En el mundo del fútbol estamos habituados a los tópicos, al uso de lugares comunes con frecuencia semanal. Los utilizan los protagonistas como asiduo refugio y acostumbrada vía de escape. Quien más, quien menos también los ha replicado en más de una ocasión con absoluta naturalidad. El Real Zaragoza 20-21, el de nuestros lamentos, lleva jugando finales desde que la temporada empezó a curvarse en dirección hacia el fondo de la tabla con Rubén Baraja en el banquillo y los números y los datos confirmaron que la planificación deportiva había sido aciaga, con errores terribles, fundamentalmente en la elección de los delanteros, piezas claves en cualquier organización futbolística en tanto en cuanto son los encargados principales de hacer goles, el oxígeno, el aire por el que respiran los equipos.

Cada partido es una final para el Real Zaragoza desde hace meses, muchas perdidas ya por el camino, otras sacadas adelante con un esfuerzo agónico.

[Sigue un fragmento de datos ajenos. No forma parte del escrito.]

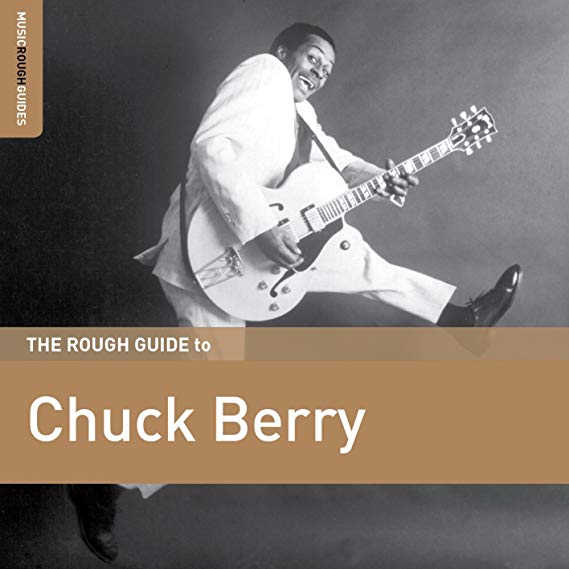 The Rough Guide To Chuck Berry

En busca de los 50 puntos, o sus alrededores, que quizá no sean necesarios tantos por el elevado ritmo que llevan los primeros clasificados, el equipo necesita cada jornada el mejor encuentro posible y llegar habitualmente a su máximo. En 1953, en otros tiempos y en niveles muy diferentes, la pujante Hungría de Puskás, Kocsis o Czibor humilló a Inglaterra con un juego exquisito en su templo de Wembley por un espectacular e inaudito 3-6. The Times tituló la exhibición con honores: ‘The Match of the Century’.

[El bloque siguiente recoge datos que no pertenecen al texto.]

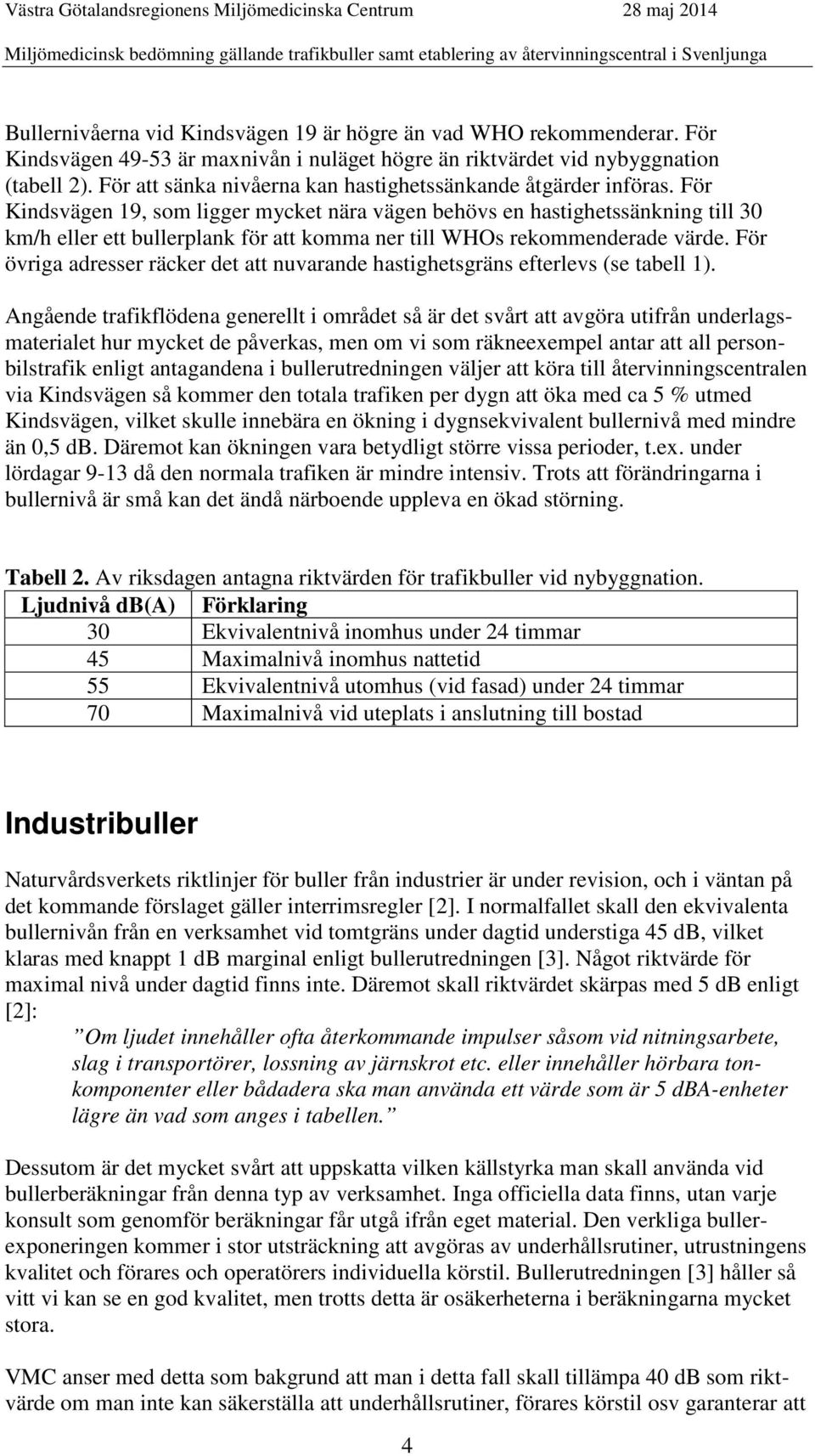 För ägen 19, som ligger mycket nära vägen behövs en hastighetssänkning till 30 km/h eller ett bullerplank för att komma ner till WHOs rekommenderade värde.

De aquí al final de temporada, a su escala, en su descafeinada medida, lejos de aquellos fastos, en esta pobreza sin lujo alguno, el Real Zaragoza necesita un partido del siglo cada semana. Al menos, el mejor de los posibles y, siempre, optimizar sus limitadísimos recursos. Como hizo en un día gris contra el Tenerife con el primer tanto de Álex Alegría con la blanquilla y perpetrado al final del encuentro con cuatro centrales en su inacabable sufrimiento. Tres puntos más y a por el siguiente partido del siglo.